The guide mentioned that Porsche allows the customer to select custom colors for both the interior and exterior of the car (for an extra fee of course). So if you want to purchase a car that matches your wife's finger nail polish you can bring in a sample and Porsche will take care of the rest. There are over 2000 colors available with this system. It takes 2-3 days to paint the car, with the color spraying of the car still being done by hand without the aid of a robot. Only the primer and undercoating is done by a robot. This allows the paint to sprayed in different proportions in certain areas of the car that need it. After the car is built it is test driven by professional drivers on public roads for 60-80 Km to ensure every system is working correctly. This is done all year round even when there is snow and ice on the roads. The tour guide pointed out that the 911 car does 0-200 Km (~125 MPH) in 20 seconds and 200 to 0 under braking in 5.7 seconds. The brakes have 5 times the power output of the engine! He said "You must be very careful when following a Porsche on the Autobahn because of the superior braking system. Most Porsche drivers are rear-ended by cars with inferior brakes".

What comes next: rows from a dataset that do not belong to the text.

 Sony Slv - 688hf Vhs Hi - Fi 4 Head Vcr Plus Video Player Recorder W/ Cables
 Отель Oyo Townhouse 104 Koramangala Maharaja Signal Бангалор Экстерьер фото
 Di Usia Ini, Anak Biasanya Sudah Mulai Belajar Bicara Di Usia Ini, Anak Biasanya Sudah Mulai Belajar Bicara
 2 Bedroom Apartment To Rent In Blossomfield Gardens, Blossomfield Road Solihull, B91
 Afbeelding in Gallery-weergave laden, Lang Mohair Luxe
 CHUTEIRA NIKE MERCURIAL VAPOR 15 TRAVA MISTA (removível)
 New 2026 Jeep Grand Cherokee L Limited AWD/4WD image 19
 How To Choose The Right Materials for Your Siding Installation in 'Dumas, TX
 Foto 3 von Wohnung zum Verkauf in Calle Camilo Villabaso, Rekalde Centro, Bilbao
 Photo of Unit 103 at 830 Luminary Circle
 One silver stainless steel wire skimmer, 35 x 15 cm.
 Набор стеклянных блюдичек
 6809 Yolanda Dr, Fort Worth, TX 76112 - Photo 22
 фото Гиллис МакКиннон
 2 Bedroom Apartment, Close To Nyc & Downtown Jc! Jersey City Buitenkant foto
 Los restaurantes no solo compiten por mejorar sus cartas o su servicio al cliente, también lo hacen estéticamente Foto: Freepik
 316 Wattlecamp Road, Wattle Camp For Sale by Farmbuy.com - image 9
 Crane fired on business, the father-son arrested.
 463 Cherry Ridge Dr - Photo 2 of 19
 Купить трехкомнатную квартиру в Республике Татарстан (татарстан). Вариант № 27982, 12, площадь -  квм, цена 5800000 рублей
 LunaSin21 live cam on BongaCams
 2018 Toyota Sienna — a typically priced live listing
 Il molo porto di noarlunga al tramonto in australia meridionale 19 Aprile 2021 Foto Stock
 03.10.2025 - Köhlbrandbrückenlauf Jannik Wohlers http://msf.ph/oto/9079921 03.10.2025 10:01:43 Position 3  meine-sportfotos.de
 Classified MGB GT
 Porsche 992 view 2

Here is the information from November 1994 on making reservations to visit the Porsche factory and Museum.
If you have any "new" information regarding the Porsche Factory tours, please let me know as this information is likely out of date.
Link to the Porsche Germany Web Site
Porsche Factory and Museum
Location: Porscheplatz 1, 70435 Stuttgart-Zuffenhausen-Germany
More Info: Telephone: +(049) 0711 / 911 5685
Fax: +(049) 0711 / 911 7300
Situated next to the Porsche factory, five miles from the city centre, the museum is a celebration of the one million Porsche sports cars built since 1948. It has a wealth of classic production and racing Porsches on display, as well as new models and prototypes that never went into production.The company also offers a one-and-a-half hour factory tour (in English or German) at 10:00 am and 2:00 pm each day. The tour follows the production process from the drawing board right through to the rigorous testing of each new 911 engine and the paint shop with its choice of 2000 custom colours.Reservations required for the tour. Admission
Monday to Friday - 9:00 am to 4:00 pm
Saturday and Sunday - 9:00 am to 5:00 pm
From November 1994-Likely outdated
At Porsche North America, I spoke with Karen Evans (Tourist delivery department) to arrange the tour at the plant in Zuffenhausen (a suburb 5 miles outside Stuttgart). Karen sent me an info packet with a map and details on the tour. I made reservations two weeks before I was to arrive in Stuttgart. This was in October which may be less crowded than the Summer months. Tours are available at 10am and 2pm. There were English and German tours available when I was there.